AIM OF THE EXERCISE: Take the entries that follow and return exactly the lines from the one holding "Carte Motif floral" through the one holding "Hohner Orchester I.", both included. Nothing else is needed.

SUPPLIED DATA:

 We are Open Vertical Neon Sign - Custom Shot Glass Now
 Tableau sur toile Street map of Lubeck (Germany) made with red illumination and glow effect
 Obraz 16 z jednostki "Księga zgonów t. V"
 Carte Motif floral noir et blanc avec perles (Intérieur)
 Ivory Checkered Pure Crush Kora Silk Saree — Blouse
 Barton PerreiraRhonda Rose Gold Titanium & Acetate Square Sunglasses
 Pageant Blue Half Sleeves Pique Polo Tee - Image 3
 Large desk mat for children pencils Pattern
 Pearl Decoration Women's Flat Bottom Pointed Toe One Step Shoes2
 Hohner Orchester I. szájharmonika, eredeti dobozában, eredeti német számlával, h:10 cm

--

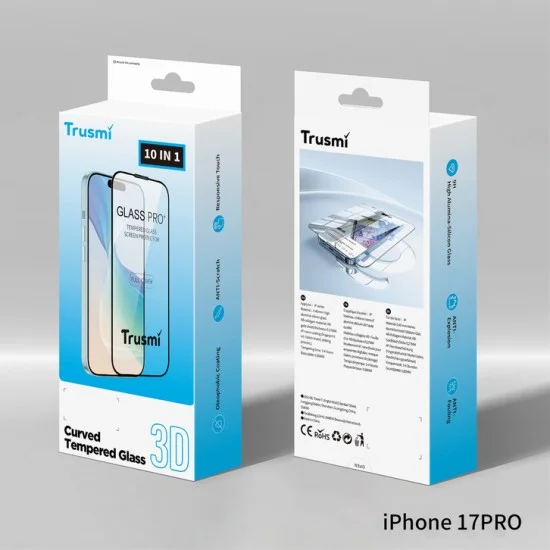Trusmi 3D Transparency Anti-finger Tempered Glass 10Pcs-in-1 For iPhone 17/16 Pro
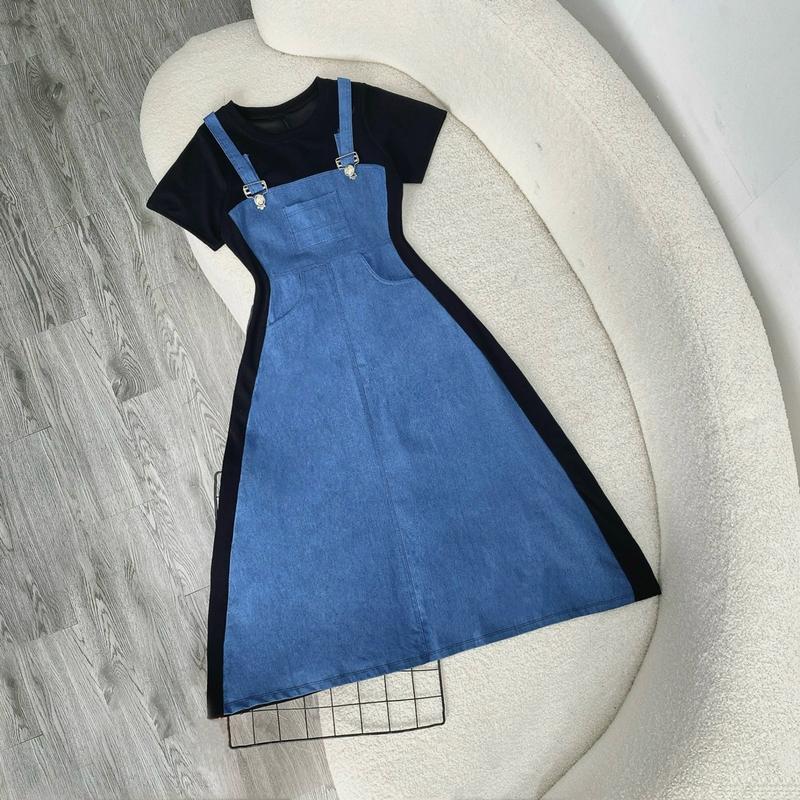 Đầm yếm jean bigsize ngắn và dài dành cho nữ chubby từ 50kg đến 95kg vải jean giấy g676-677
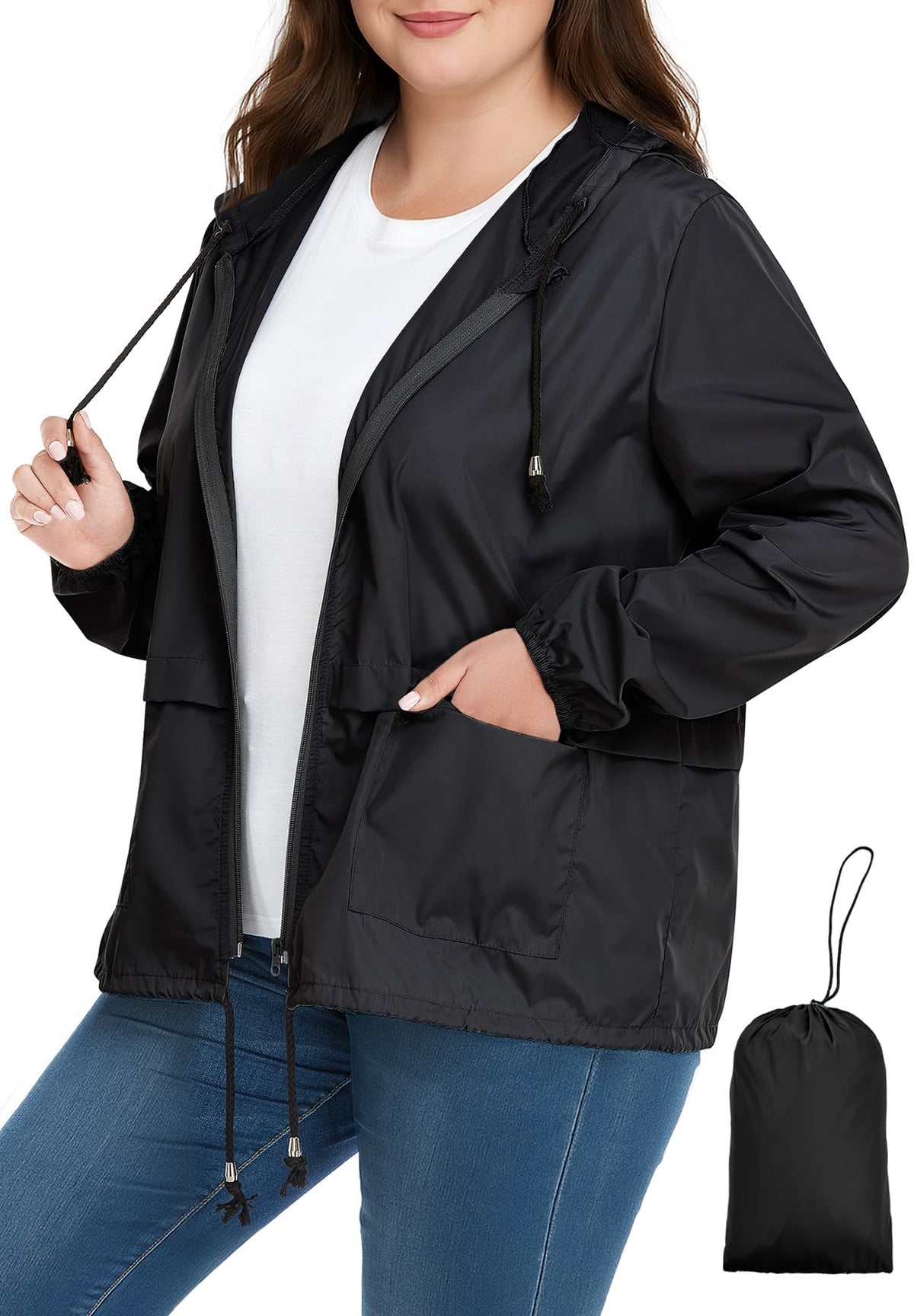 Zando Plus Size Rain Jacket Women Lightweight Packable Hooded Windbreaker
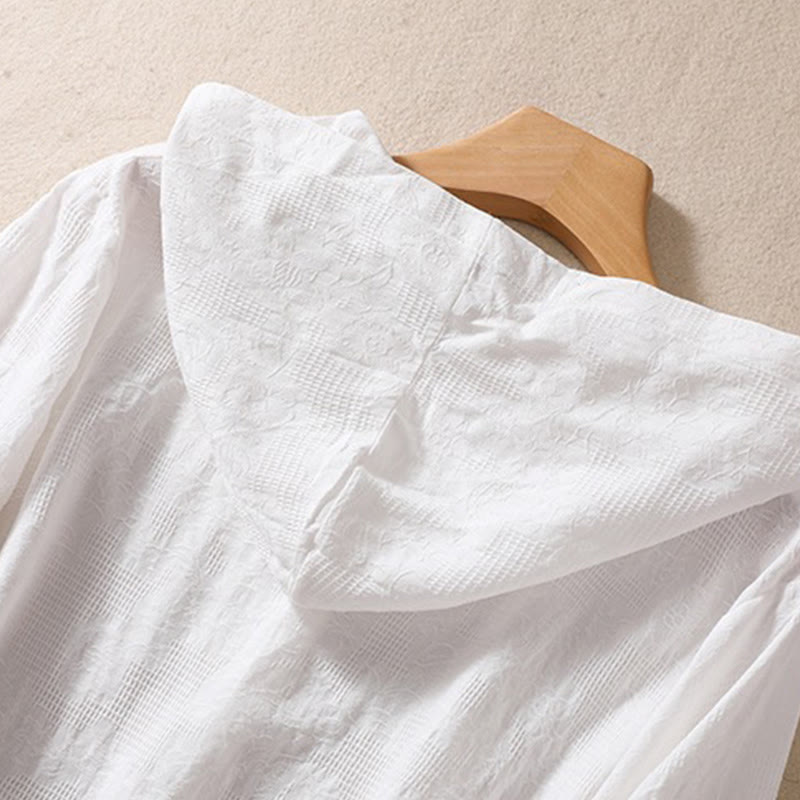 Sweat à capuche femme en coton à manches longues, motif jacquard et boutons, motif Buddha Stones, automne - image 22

ANSWER BOX:
 Carte Motif floral noir et blanc avec perles (Intérieur)
 Ivory Checkered Pure Crush Kora Silk Saree — Blouse
 Barton PerreiraRhonda Rose Gold Titanium & Acetate Square Sunglasses
 Pageant Blue Half Sleeves Pique Polo Tee - Image 3
 Large desk mat for children pencils Pattern
 Pearl Decoration Women's Flat Bottom Pointed Toe One Step Shoes2
 Hohner Orchester I. szájharmonika, eredeti dobozában, eredeti német számlával, h:10 cm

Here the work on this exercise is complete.